Linux* has a NUMA observation tool: numastat. It provides information about the ratio of local versus remote memory use and the overall memory configuration of all nodes. It also includes failed allocations of local memory (displayed in the numa_miss column) and allocations of remote memory (displayed in the numa_foreign column). However, numastat only accounts for the memory allocation and does not measure the real-time memory traffic of the CPU. Users need more. But, an easy-to-use tool that lets you observe NUMA-related issues and where the NUMA bottlenecks reside doesn't exist. It's difficult to locate these issues, especially in complex server environments.
This author needed a tool that follows typical steps used in NUMA analysis and provides a good starting point to dive in and fix NUMA-related bottlenecks.
The typical steps that the author uses are:
- Find the memory-intensive applications with the poorest memory locality.
- Determine the application's node affinity.

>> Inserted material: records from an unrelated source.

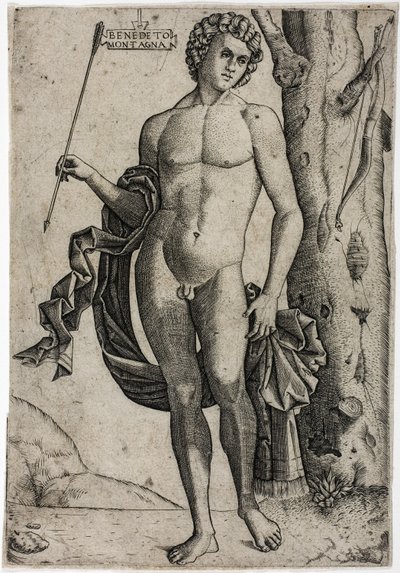 Ein junger Mann mit einem Pfeil von Benedetto Montagna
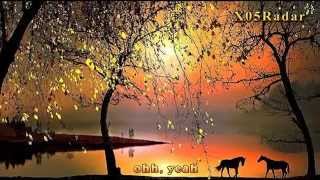 Louis Armstrong-What A Wonderful World (lyrics)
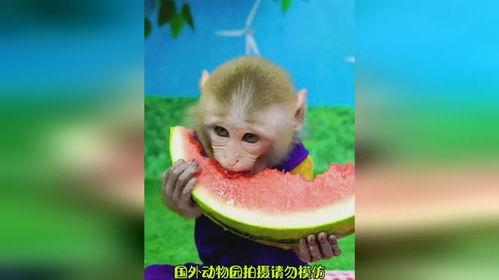 猴子绿色衣服吃瓜,趣味盎然的夏日场景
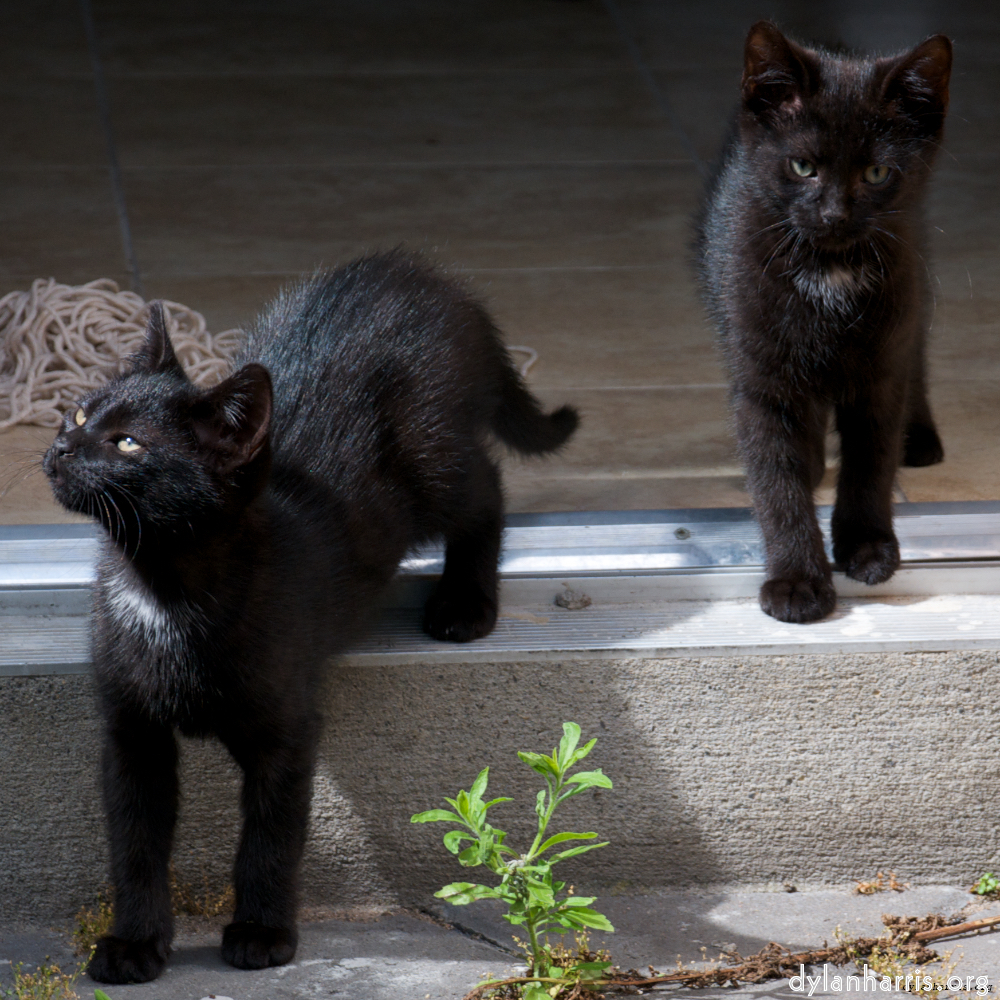 Image 'small lives — meet the kitties 6'.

- Explore the memory hot spots in the application and find the poorest latency.
- Determine the locality of these memory hot spots.

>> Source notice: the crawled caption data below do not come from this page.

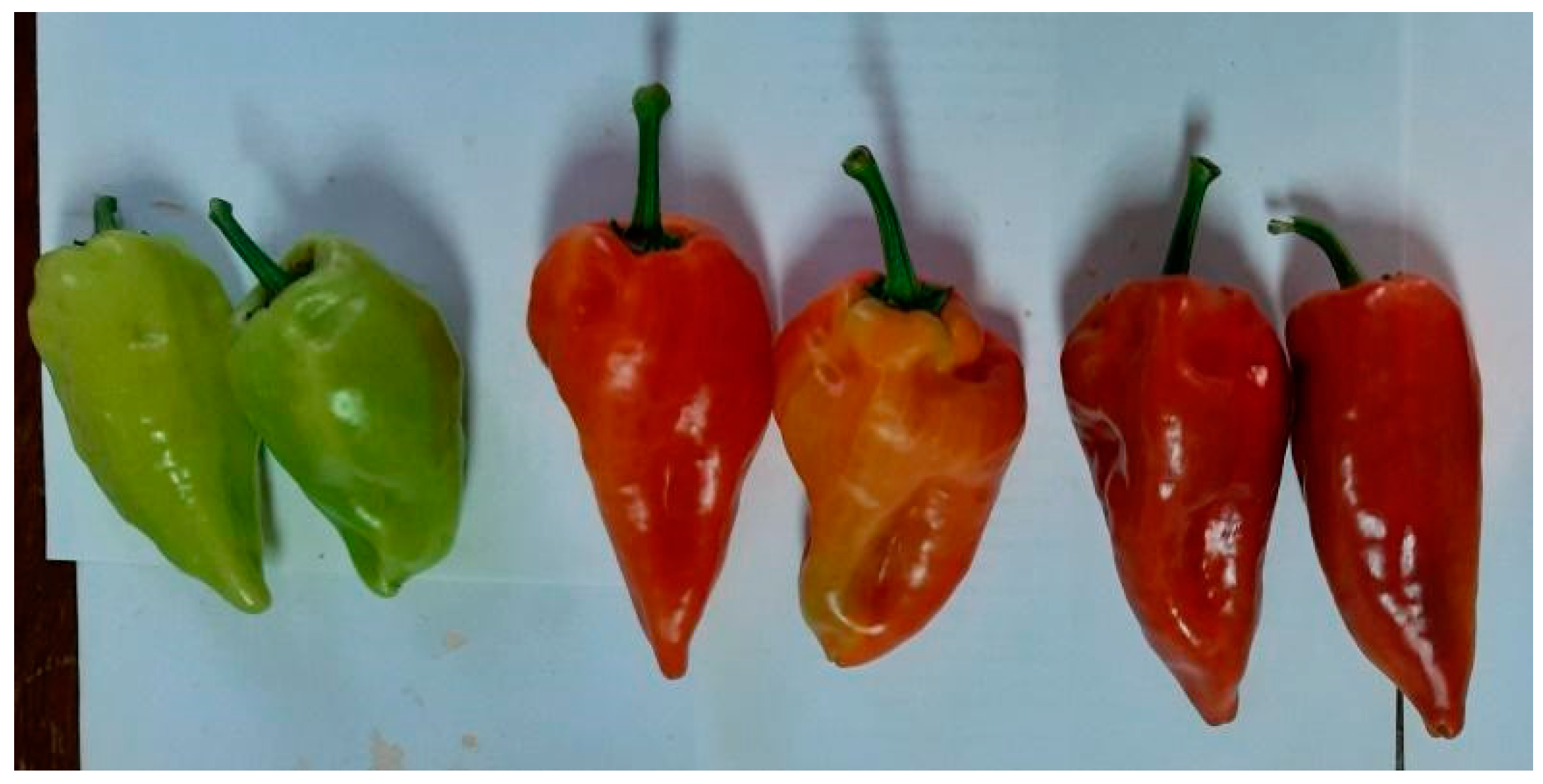 Foods 14 00914 g0a4 Foods 14 00914 g0a4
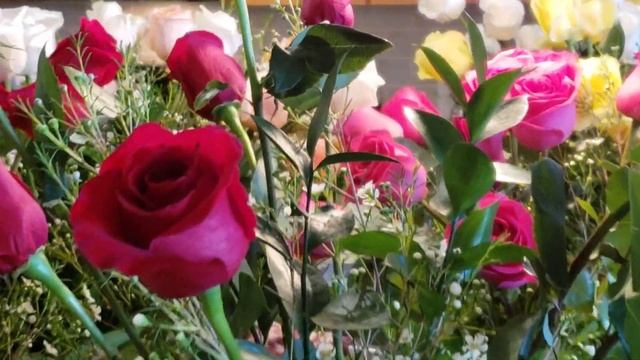 Vivo V25 Pro 4k video test #video #smartphonecamera #videorecording смотреть онлайн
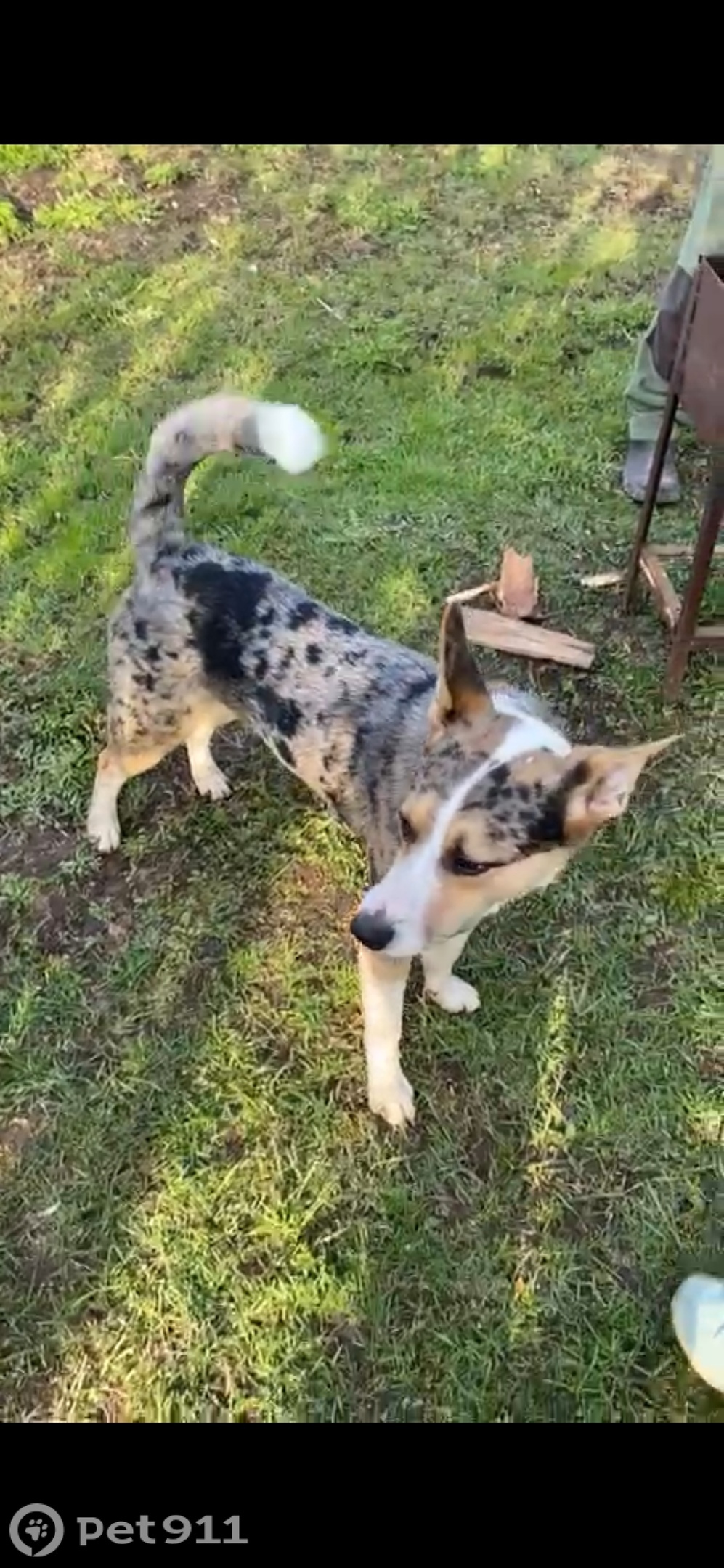 Пропала собака в Твери — фото объявления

- Find the places in the application that access the memory hot spots, and then get a list of call chains to the code that accesses these memory hot spots.

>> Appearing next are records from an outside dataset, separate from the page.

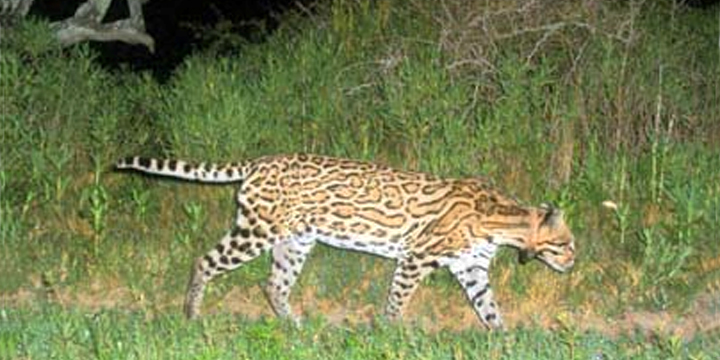 A wild ocelot photographed in South Texas refuge habitat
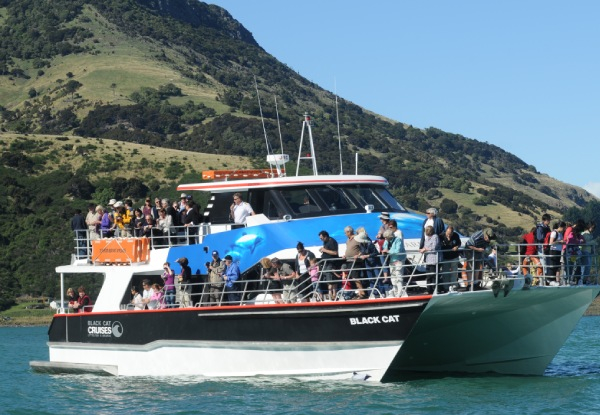Two-Hour Akaroa Nature Cruise - Seven Options Available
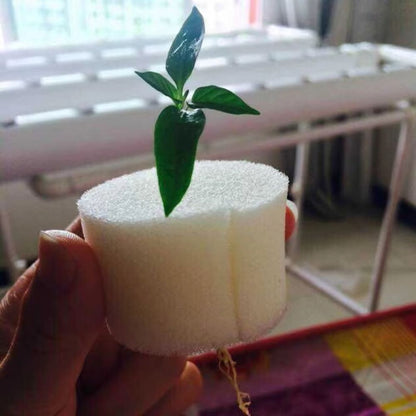 Éponge de semis blanche avec une petite plante verte, tenue dans une main, sur fond de culture hydroponique
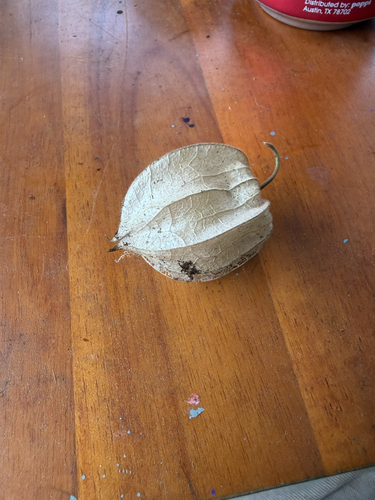 Physalis peruviana observed 2026-03-05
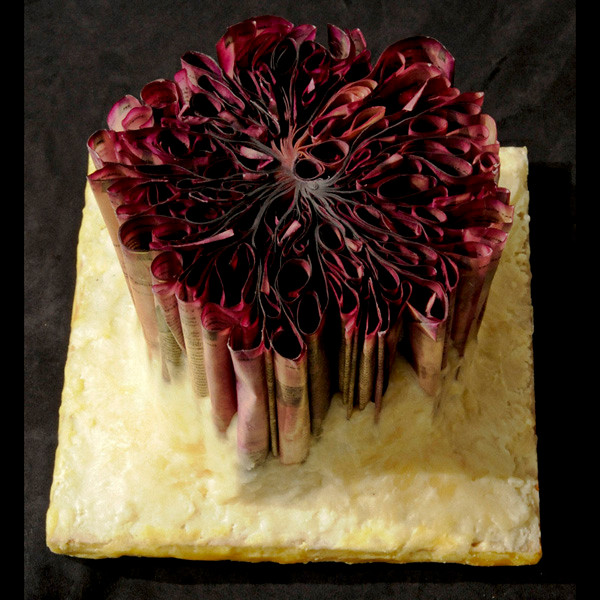 Bông hoa giấy làm từ nguyên một cuốn sách. Bông hoa giấy làm từ nguyên một cuốn sách.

NumaTOP is a new Linux observation tool that automates these steps. Different from numastat, it is an observation tool for characterizing runtime memory locality and analyzing processes and threads running on a NUMA system. It helps you:
- Characterize the NUMA behavior of processes and threads
- Identify where the NUMA-related performance bottlenecks reside
The tool uses performance counter-sampling technologies from Intel. It associates the performance data with Linux system runtime information to provide real-time analysis for production systems.
The following is a step-by-step example that uses NumaTOP to see how it helps you perform a NUMA analysis. Figure 1 is the NUMA topology of a two-socket platform, based on the Intel® Xeon® E5-2680 processor. A simple example program mgen demonstrates NumaTOP. This program generates guaranteed memory accesses (no LLC hit).
Figure 1
Step 1: Find Processes with the Poorest Memory Locality
Figure 2
The process mgen is memory intensive with the poorest memory locality.
Step 2: Determine the mgen Node Affinity
Figure 3
The process mgen is running on Node 1.
Step 3: Explore Memory Hot Spots
Find the hot spots in mgen with the poorest latency.
Figure 4
The mgen memory hot spot is the memory area, which is 256 MB.
Step 4: Determine the Locality
Figure 5
The memory hot spot is physically allocated on Node 0. The previous steps show how many remote memory accesses are generated. Let's go further, such as learning where in the code these accesses originate.
Step 5: What's Accessing Memory
Find the places in mgen that are accessing the memory hot spots and get a list of call chains to the code that accesses the memory hot spots.
Figure 6
The buf_read() is the key function that generates a huge number of memory accesses, showing how the memory was originally allocated to improve the mgen locality and overall performance.
NumaTOP can help you find out what you want to know about NUMA bottlenecks.